In a post at Roissy's, the topic of sex differences in funny-ness came up, she arguing that women are more humorous than men, who are so preoccupied with farting and fucking jokes that they don't get to develop the wry, ironic style that true humor consists of. Really?
Always eager to gather some data to prove how crazy other people are, I first offered Comedy Central's list of 100 Greatest Stand-up Comedians -- 8 of 100 are female (8%). Ah, but that's just those raunchy, low-brow stand-up comedians!
All right, consider the Pulitzer Prize winners for Editorial Cartooning, a genre whose style is dry, ironic, and so on -- 2 of 82 are female (2.4%). I admit that this has a strong male bias just due to visuospatial skills, which guys are better at, but still, it's not Michelangelo-level drawing, so it would be really hard to say that it would be near 50% if only it were entirely verbal. So let's go to humorous writers and performers.
Wikipedia has a "list of notable humorists" -- 8 of 97 are female (8.2%).
Wikipedia also has a "list of satirists and satires", which is grouped by time period:
Early -- 0 of 9 (probably 0 of 10, if males wrote The 1001 Nights).
Medieval - 18th C. -- 0 of 21 (probably 0 of 22, if unknown author called "Martin Marprelate" is male).
Born 1800 - 1900 -- 0 of 28.
Born 1900 - 1960 -- 4 of 65 (6.2%).
Born 1960 - present -- 6 of 62 (9.7%).
20th C altogether -- 10 of 127 (7.9%).
Admittedly, these are not lists of prize-winners or of something measurable, but they reflect the consensus of experts, so it's surely a random, representative sample.
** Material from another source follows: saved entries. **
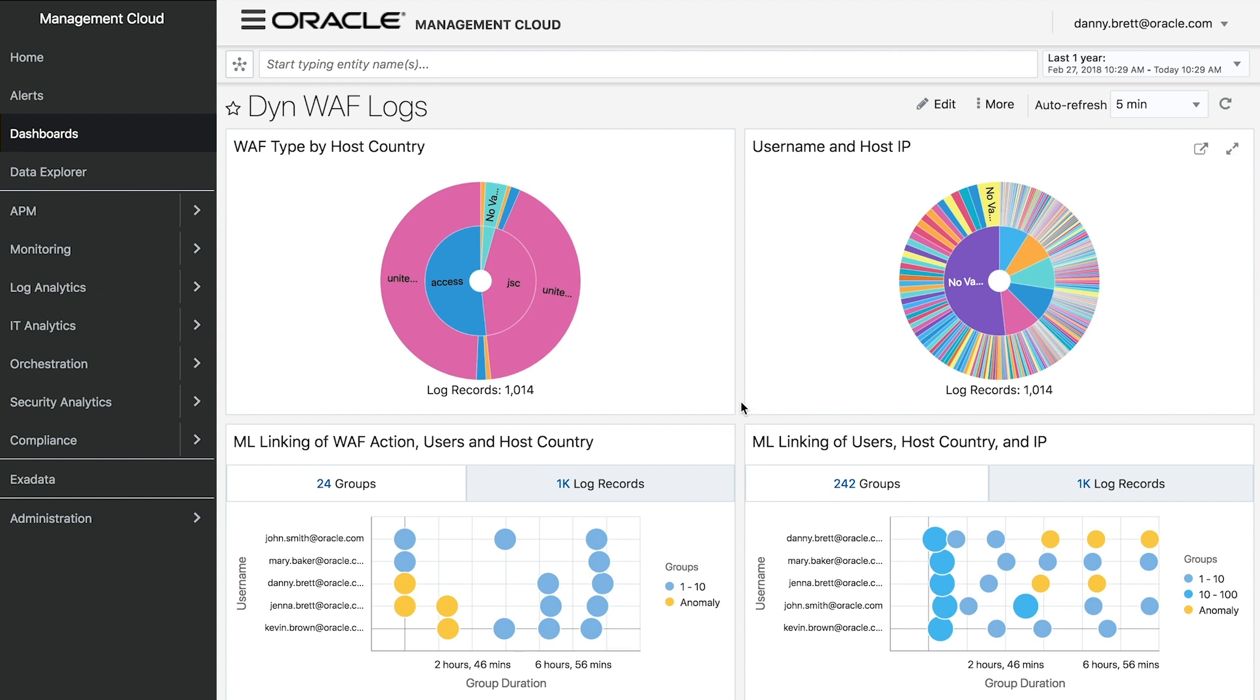If we look at the graph on the left, we can see that for a thousand log records, I have 24 groupings of similar data. What's happening here is that we're leveraging Oracle Management Cloud's proprietary AI and ML algorithms to cluster similar groups of data. Again, this is all provided out of the box, no development needed, so you can quickly and easily get insight into your data.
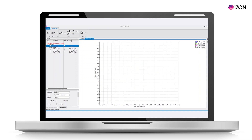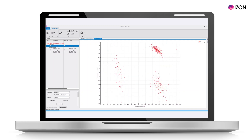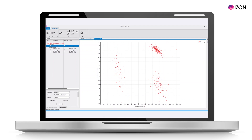Under histograms, the charge histogram will now display the distribution of the charges within the sample. Under scatter plots, the charge vs. size plot can now be viewed, showing the population distributions by both size and charge. As you can see from this sample, all three populations have been resolved, with the less charged CPN200s separated from the higher charged CPC200s.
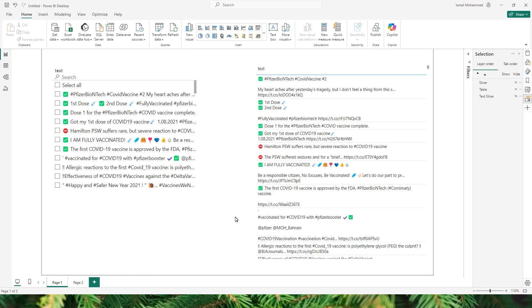Hello everyone and welcome back to my channel MITutorials. In this video let's explore the newly added visual called Text Slicer in Power BI. Filtering large datasets had always been an issue in Power BI using native visuals, but no more because we have the new Text Slicer which can filter your large datasets with ease. Let's take a look at an example.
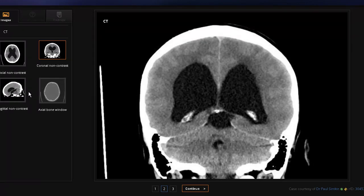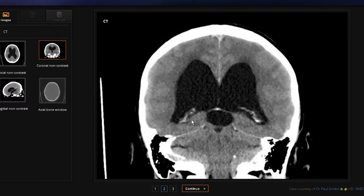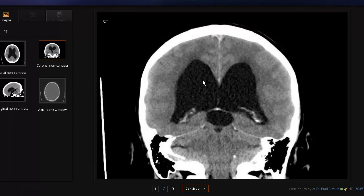This is the same CT scan in coronal section. It is only the lateral and the third ventricles which are dilated. Here is a bit of the projections of the choroid plexus. Remember that all three ventricles have choroid plexus — in the lateral, in the third, and in the fourth. They are blood vessels pushing through the pia mater and the ependyma, which is the inner layer of the ventricles, and it is through them that CSF is produced.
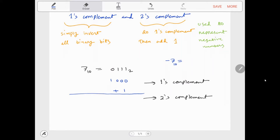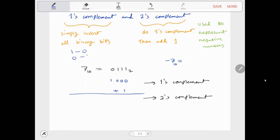Okay, let's go over 1's complement and 2's complement real quick. So in 1's complement, you simply invert all binary bits. So 1 becomes 0, and 0 becomes 1.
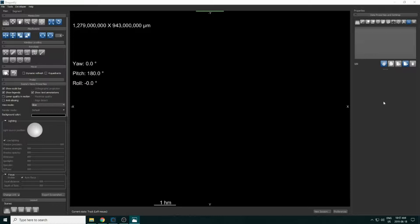In this Dragonfly 4.1 tutorial, we're going to make a macro using the macro builder. The macro will load a dataset from TIFF stacks from input folders, and we'll make a movie using the movie maker tool in Dragonfly.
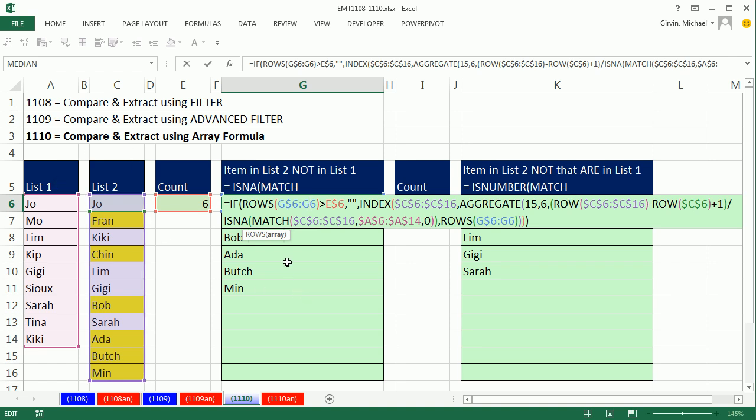And here is the formula for extracting items that are in list 2 but not in list 1. That was wild. 1108 filter, 1109 advanced filter, 1110 array formulas. I like the advanced filter one the best. All right, we'll see you next trick.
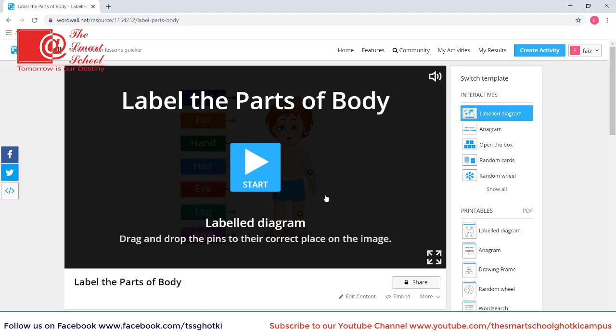I hope now you will be able to create multiple labeled diagram activities for your students. Until next video. Bye bye.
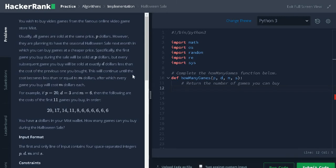Hi everyone, this is Ashwin. In this video, we are going to solve the problem Halloween Sale.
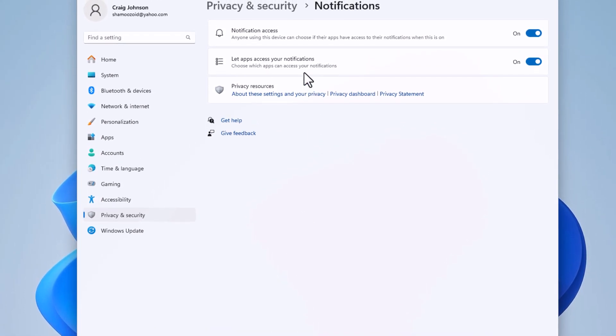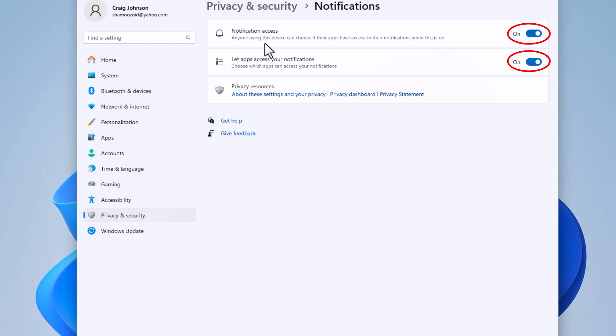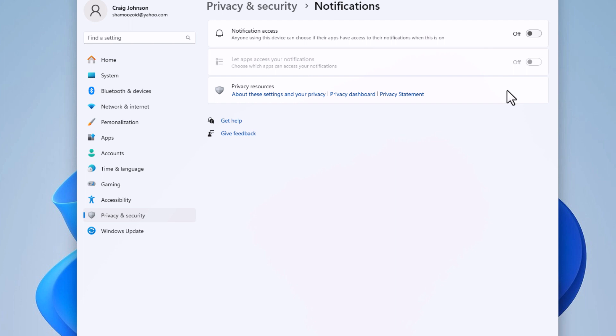Right up top here, to disable notifications, you might want to toggle both of these off. The top one says notification access. Anyone using this device can choose if their apps have access to their notifications when this is on. The bottom one is let apps access your notifications. To disable them, toggle both of them off. That is how to disable notifications on Windows 11.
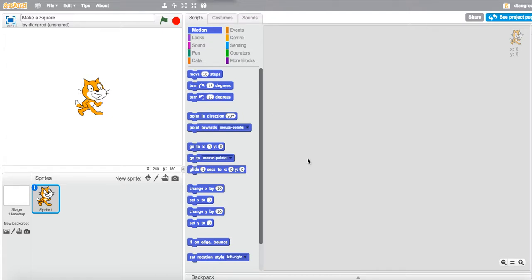Hey everyone, so I want to just take you through a quick tutorial video for how you actually make a square in Scratch.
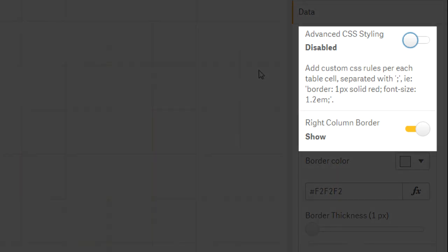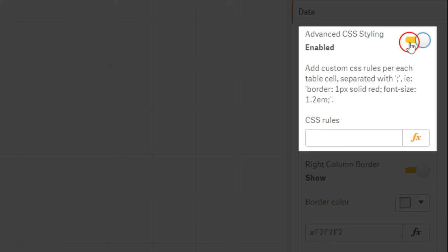All you have to do is switch the advanced CSS styling to enabled. Now you can enter your CSS commands in the CSS rules field.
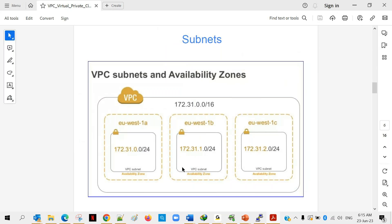Moving to the next topic: VPC subnets and availability zones. Every AWS account has a large IP address range, and out of that range we split it into multiple smaller parts called subnets. For example, 172.31.0.0/16 is the entire VPC range, and we split that into multiple smaller ranges. You can think of it like a country divided into different states — same concept applies here.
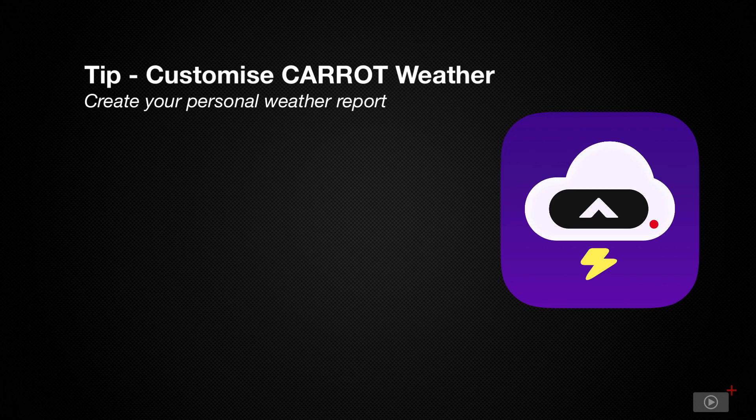Carrot is a weather app with personality. I've set mine to snarky because, let's face it, there's nothing better than cheering up the drizzle over here. However, you can set it to whatever you like, and that's one of the things that we'll cover here today. Let's get started.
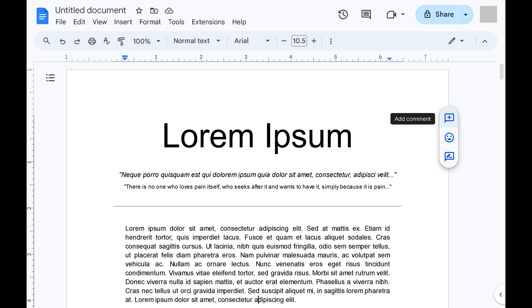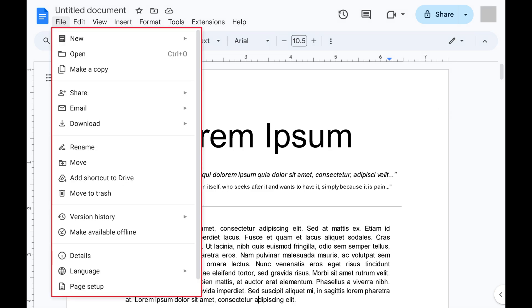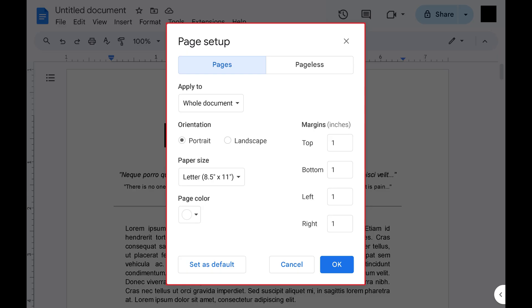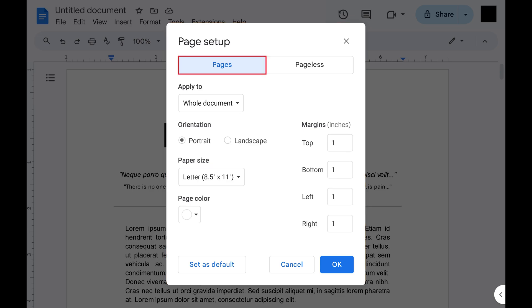Step 2: Click File at the top of the screen to open a menu, and then click Page Setup. The Page Setup window opens. Step 3: Make sure the Pages tab is selected at the top of this window.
In none of these areas do females approach 50%, even when the medium is verbal (which women tend to be better at), and even when we look just at those whose careers began after women's liberation. The numbers are very similar for both high-brow and low-brow humor -- about 10% -- suggesting that this distinction does not matter either.
Crucially, humor almost always has to do with oneself, other people, and the social ties that unfortunately bind us; and it is always interactive with other people, whether a live audience, a readership, or what-have-you. Therefore, there is no argument to be made to the effect of "Well, women can do it, they just don't like doing it." The personnel psychology literature is unambiguous that women prefer jobs that involve people, especially socially interacting with them -- if anything, being a humorist or comedian is right up their alley. **
This is the extent of my interest in this rather obvious question, but if readers know of other lists -- preferably a list of winners of a prestigious humorist award -- feel free to crunch the numbers and leave a comment. If the ball gets rolling, I'll move them into an addendum here. I know that Clio is going to claim that these lists don't really capture what it is to be a humorist, that there are scores of unseen female humorists (who would have to be far more numerous than unseen male humorists), or that there's an Anglo-American bias. All right -- find me a dataset that shows the females are near 50%, and then I'll believe it.
Now, why funny people are predominantly male is an entirely different question. This post is just to demonstrate that they are.
* I kid because I love.
** Where females have the requisite ability and suitable motivation, they make up half or more of the field. For example, here is Steven Pinker on women in his field:
I work in a scientific field — the study of language acquisition in children — that is in fact dominated by women. Seventy-five percent of the members the main professional association are female, as are a majority of the keynote speakers at our main conference. I'm here to tell you that it's not because men like me have been discriminated against.
Addendum: Here is a running list of more stats from other sources (see comments section for detail).
YouTube's 100 most subscribed comedians of all time -- 7 or 8 of 100 (7-8%).